Divide by the nudge and let the nudge go to zero: the derivative of t cubed is 3 t squared. Again the structure is visible: the 3 is the three faces that grew, and the t squared is the area of each face.

One dimension up: a cube of side t grows by dt on three faces, adding three thin slabs of area t² and thickness dt. To leading order, the added volume is 3 times t² times dt, so the derivative of t³ is 3t². The geometric pattern is identical to the square: n thin pieces of one less dimension, where n is the power.

The general power rule

Now the pattern means something. For t to the n, picture an n-dimensional cube. Nudge the side by the nudge, and it grows by a slab on each of its n faces, each slab having the “size” of one face, t to the n minus one, times the thickness the nudge. That gives n times t to the n minus one times the nudge of new content, and dividing by the nudge leaves:

d/dt(t^n) = n · t^(n-1)

The n counts the faces that grow when you bump a single dimension; the t to the n minus one is the size of each face. You cannot draw a 5-dimensional cube, but the algebra of “how many faces, how big each” carries over exactly, which is the payoff of having a reason rather than a memorized rule.

The rule is not limited to whole-number powers. It holds for negative and fractional exponents too. For one over t, which is t to the negative one, the rule gives the derivative of t to the negative one is negative one times t to the negative two, or negative one over t squared (a negative derivative, since one over t decreases as t grows). For the square root of t, which is t to the one-half, it gives the derivative of t to the one-half is one-half times t to the negative one-half, or one over two root t. One rule, every power.

Two rules that make derivatives composable

The power rule handles single powers. Two more rules let you differentiate any combination of them, and both are intuitive.
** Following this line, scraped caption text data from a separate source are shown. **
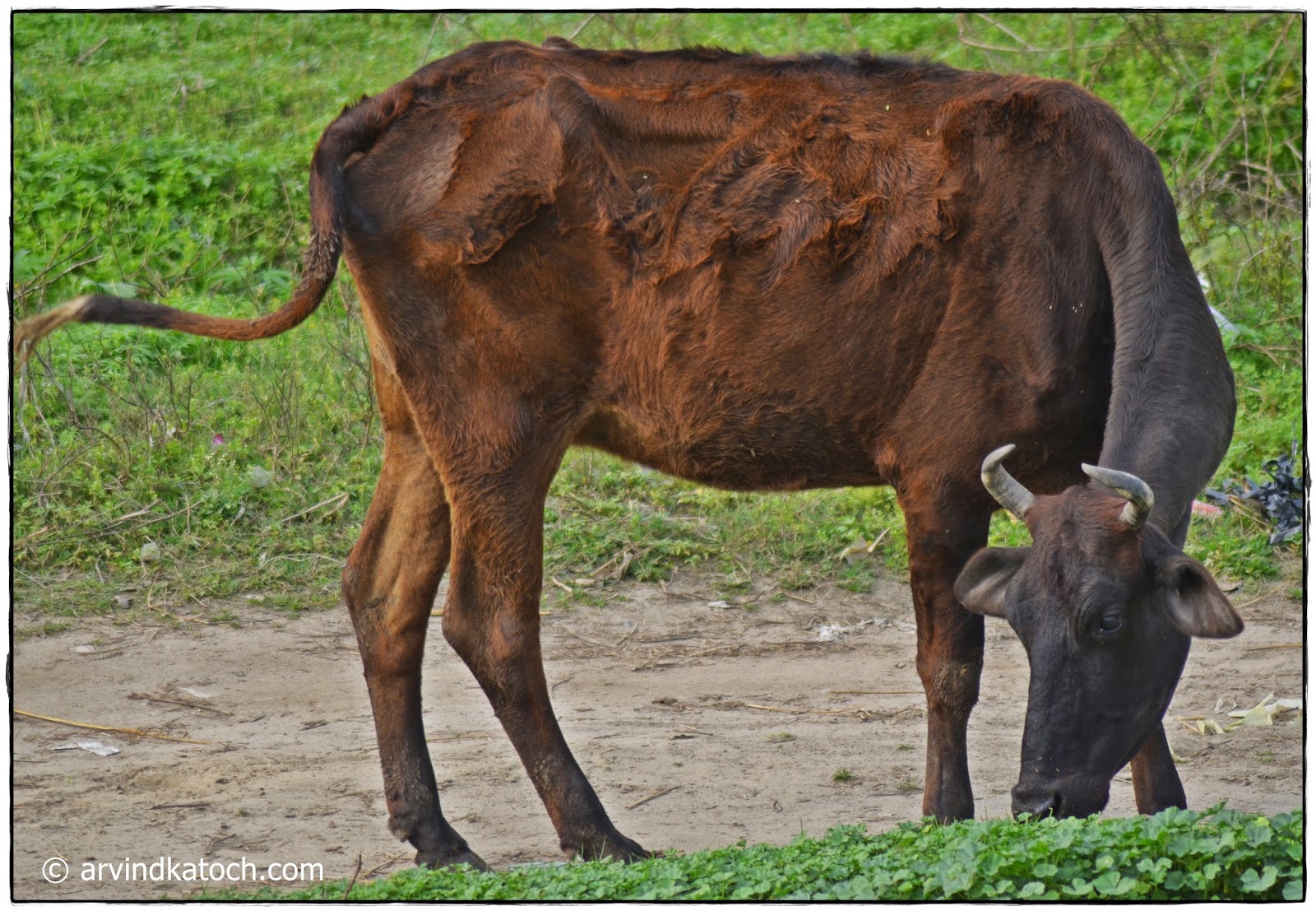 Indigenous Cow (A sad story From A Glorious Past to Near Extinction)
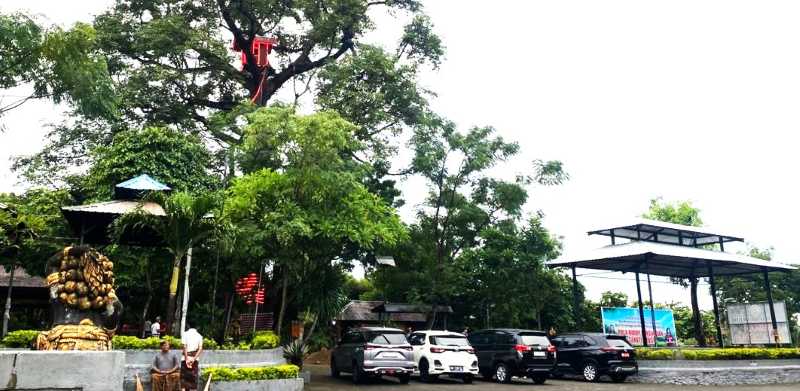 UNIK : Rumah pohon di Setra Desa Adat Buleleng (lampu merah). Tempat tersebut akan menjadi objek wisata.(foto:dok Desa Adat Buleleng untuk Radar Bali)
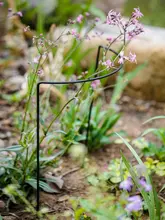半円型 植物支柱 鉄製 倒伏防止 つる植物 観葉植物 アジサイ 枝葉固定 庭 ベランダ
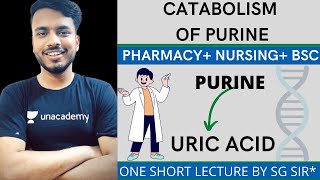 catabolism of purine nucleotides  purine Nucleotide catabolism  catabolism of purine biochemistry [upl. by Loar]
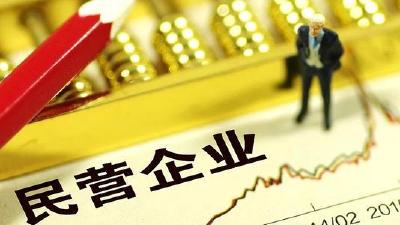发改委：持续完善政策组合激发民企活力 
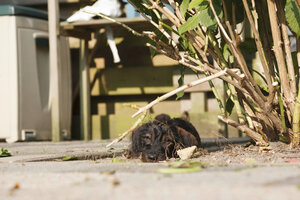 Vrolijke Teckelpuppy Speelt in Stadstuin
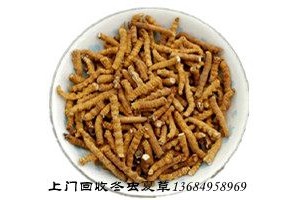 禅城回收冬虫夏草市场价格情况介绍图3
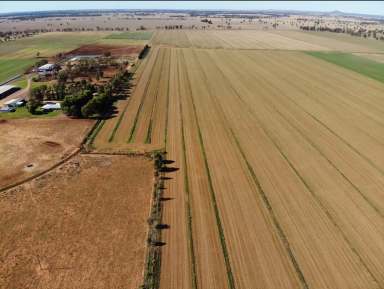 Farm Tender - NSW - Forbes - 2871 - Feedlot & Fodder Factory with Majority Flood Free Irrigation  (Image 2)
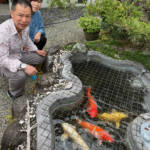 らぶペット 風流、和の味わい 名張の山中さん夫妻のニシキゴイ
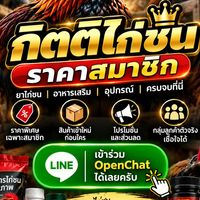 🐓 กิตติไก่ชน | ราคาส่งสมาชิก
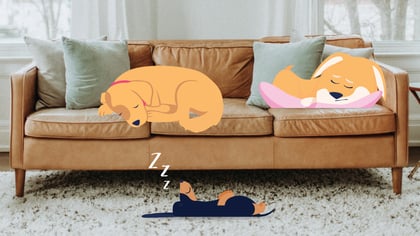 10 Dog Sleeping Positions & What They Mean
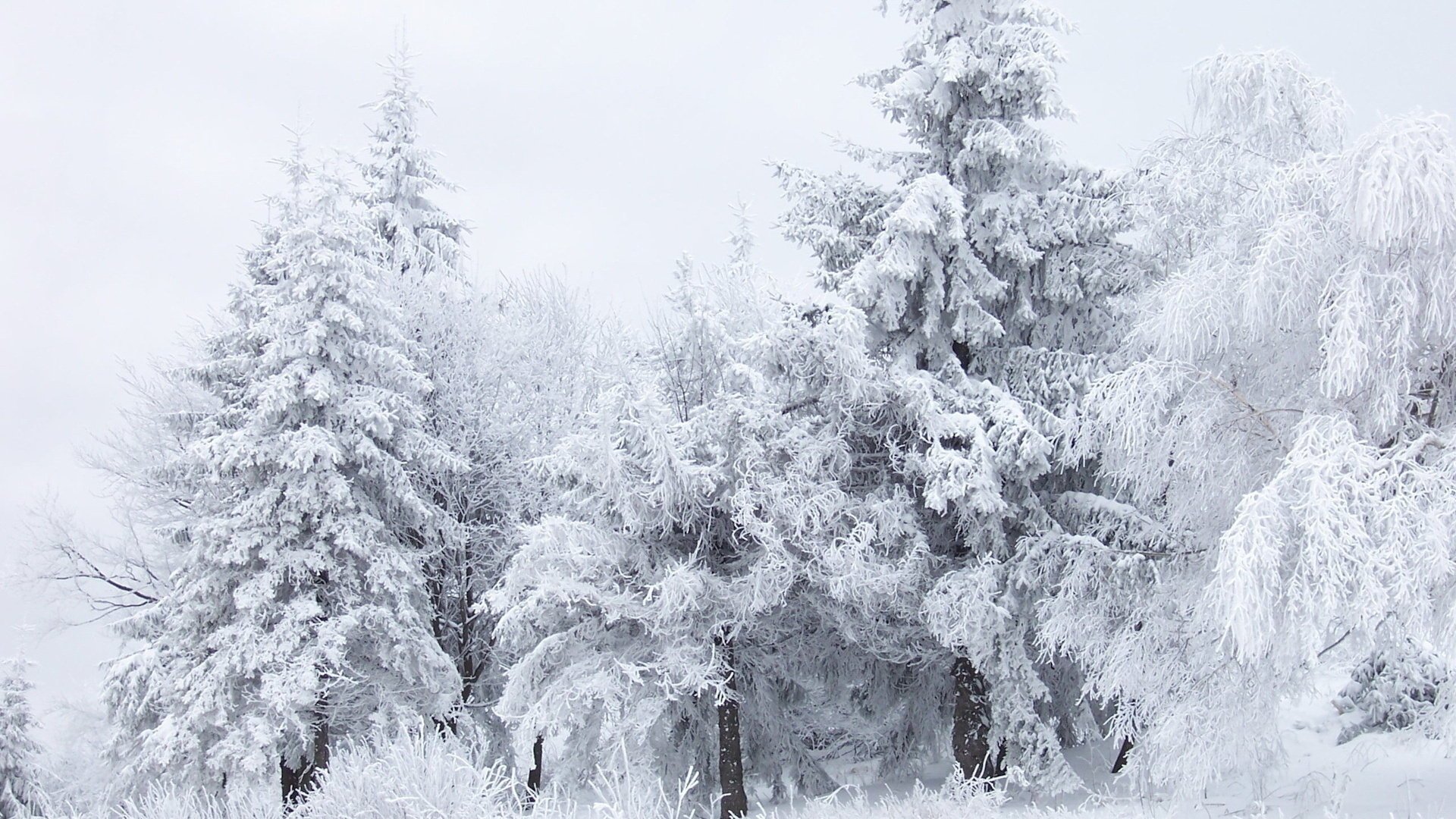 invierno bosque escarcha árboles nieve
The constant-multiple rule. Scaling a function by a constant just scales its rate of change by the same constant:

d/dt( c · f(t) ) = c · d/dt( f(t) )

Geometrically, multiplying a function by a constant stretches its graph vertically by that constant, which stretches every slope by it too. If a function changes at some rate, then five times that function changes five times as fast.

The sum rule. The rate of change of a sum is the sum of the rates of change:

d/dt( f(t) + g(t) ) = d/dt( f(t) ) + d/dt( g(t) )

If two quantities each grow at their own rate, the rate of their total is just the two rates added. Stacking one changing quantity on another adds their slopes.

Putting it together

With those three rules, differentiating a polynomial becomes a fast, mechanical scan, no binomial expansion anywhere. Take 3 t to the fourth plus 2 t squared minus 7:

d/dt(3t^4)  = 3 · 4t^3 = 12t^3     (power rule + constant multiple)
d/dt(2t^2)  = 2 · 2t   = 4t        (power rule + constant multiple)
d/dt(-7)    = 0                    (a constant never changes, so its rate is 0)

Sum the pieces (sum rule): the derivative of 3 t to the fourth plus 2 t squared minus 7 is 12 t cubed plus 4t. What took a page of binomial expansion last lesson is now three quick lines. The constant negative 7 has derivative zero, which makes sense: a constant has no rate of change, and shifting a graph up or down does not change any of its slopes.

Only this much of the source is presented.